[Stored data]
+-------+

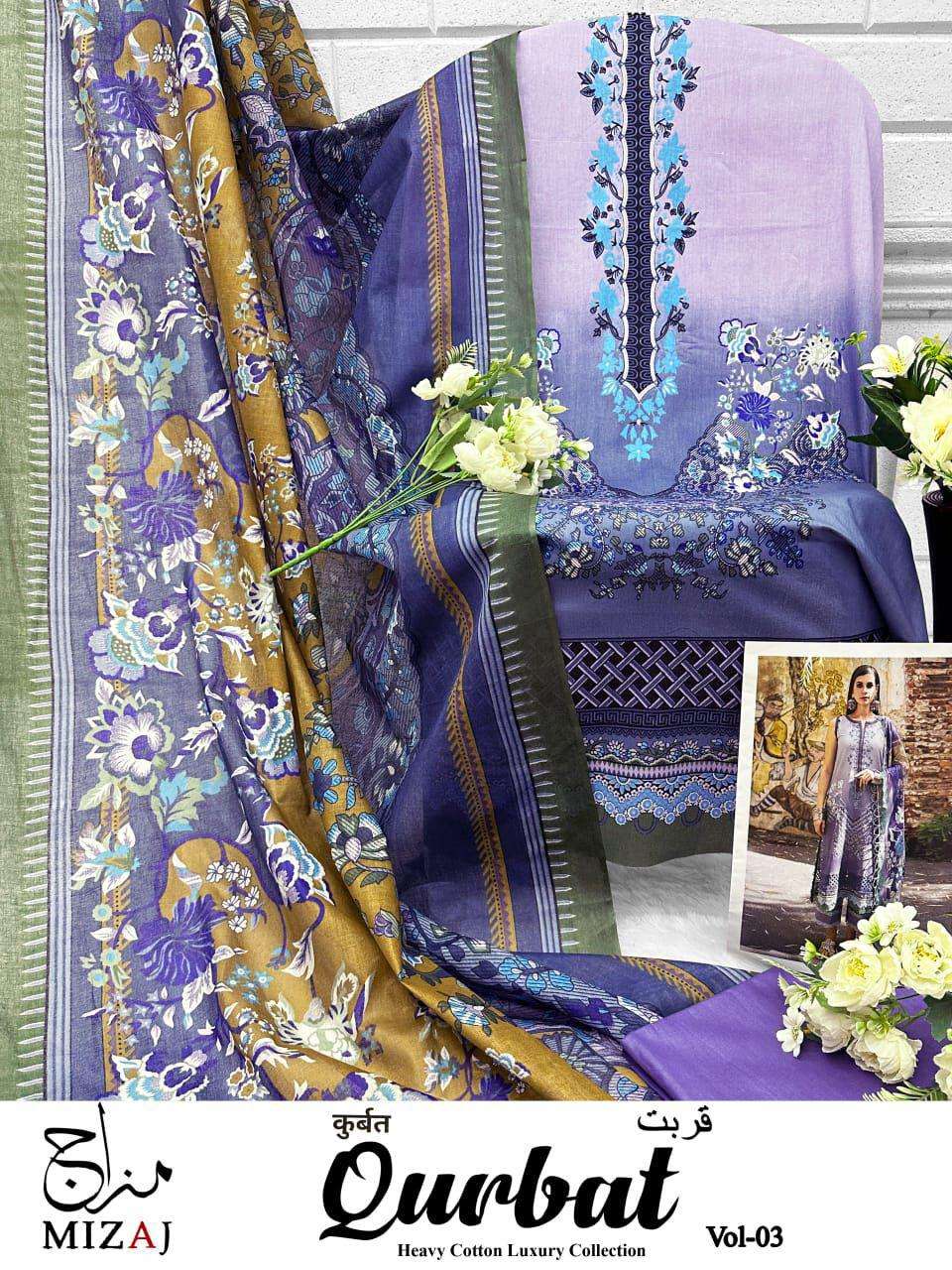 MIZAJ QURBAT VOL 3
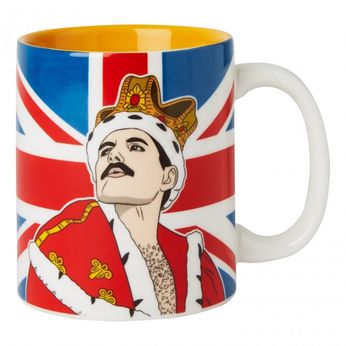 Freddie Mercury (Mug)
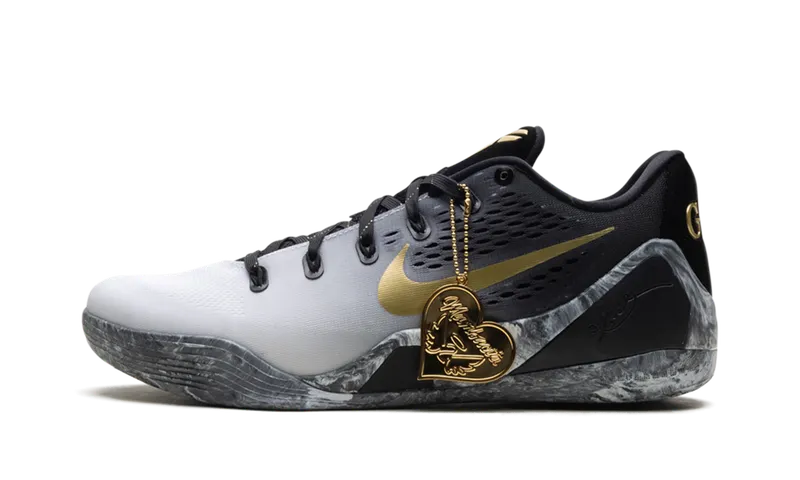 Nike Kobe 9 Low EM “Mambacita” (FZ7333-002)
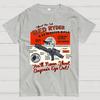 Accuracy Not Guaranteed Cotton Summer Casual Cool Loose T-Shirt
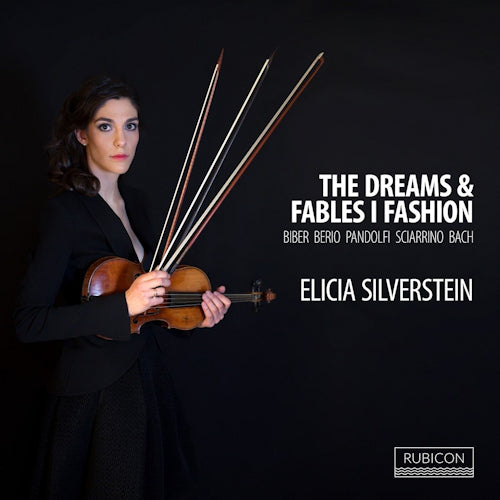 Elicia Silverstein - Dreams & fables i fashion (CD)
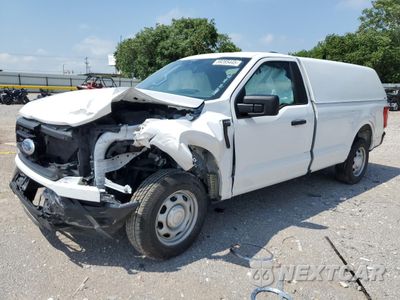 2022 FORD F150 1FTMF1CB8NKD42326 - główne zdjęcie licytacji z USA - miniatura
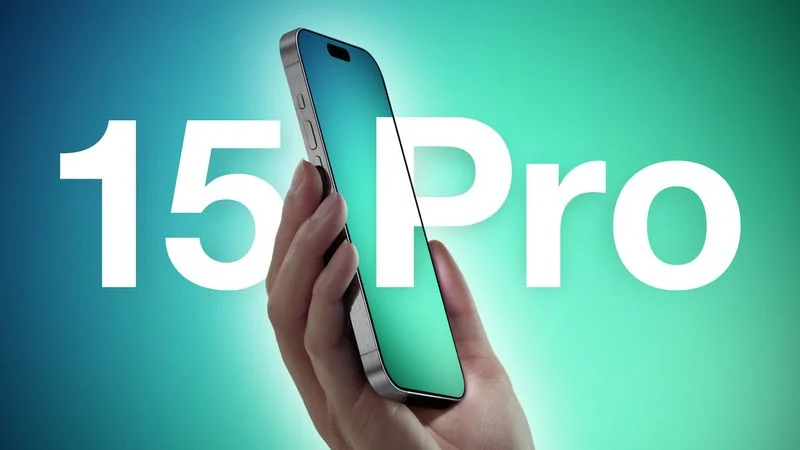 Apple iPhone 15 Pro Max
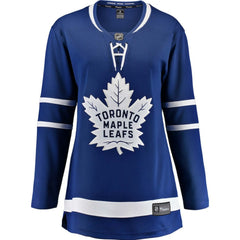 Toronto Maple Leafs Fanatics Women's Home Breakaway Jersey For Sale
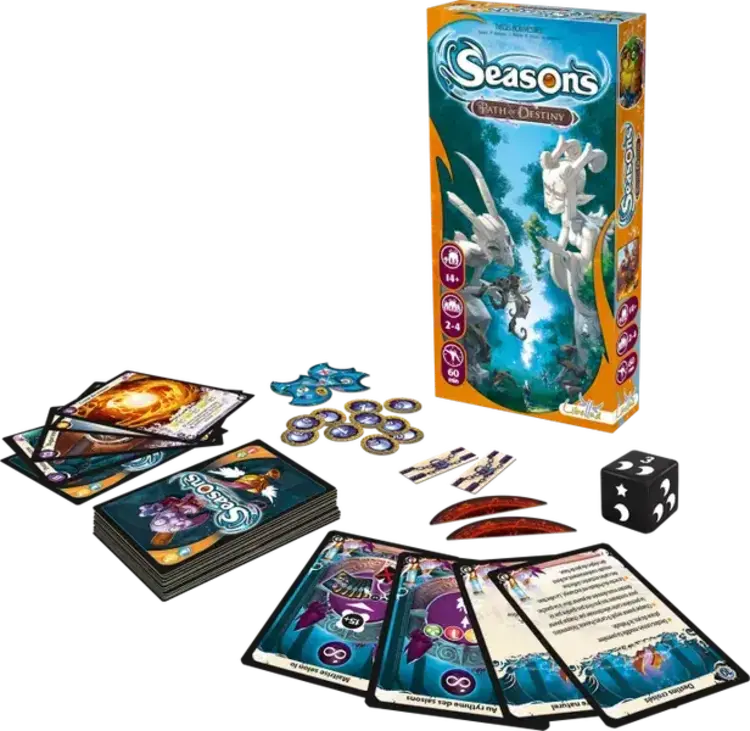 Vintage Seasons: Path of Destiny expansion (2014)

+-------+

*What you will do:* Take every entry above and transcribe it exactly, with no pictures in the copy.

*Completed task:*
 MIZAJ QURBAT VOL 3
 Freddie Mercury (Mug)
 Nike Kobe 9 Low EM “Mambacita” (FZ7333-002)
 Accuracy Not Guaranteed Cotton Summer Casual Cool Loose T-Shirt
 Elicia Silverstein - Dreams & fables i fashion (CD)
 2022 FORD F150 1FTMF1CB8NKD42326 - główne zdjęcie licytacji z USA - miniatura
 Apple iPhone 15 Pro Max
 Toronto Maple Leafs Fanatics Women's Home Breakaway Jersey For Sale
 Vintage Seasons: Path of Destiny expansion (2014)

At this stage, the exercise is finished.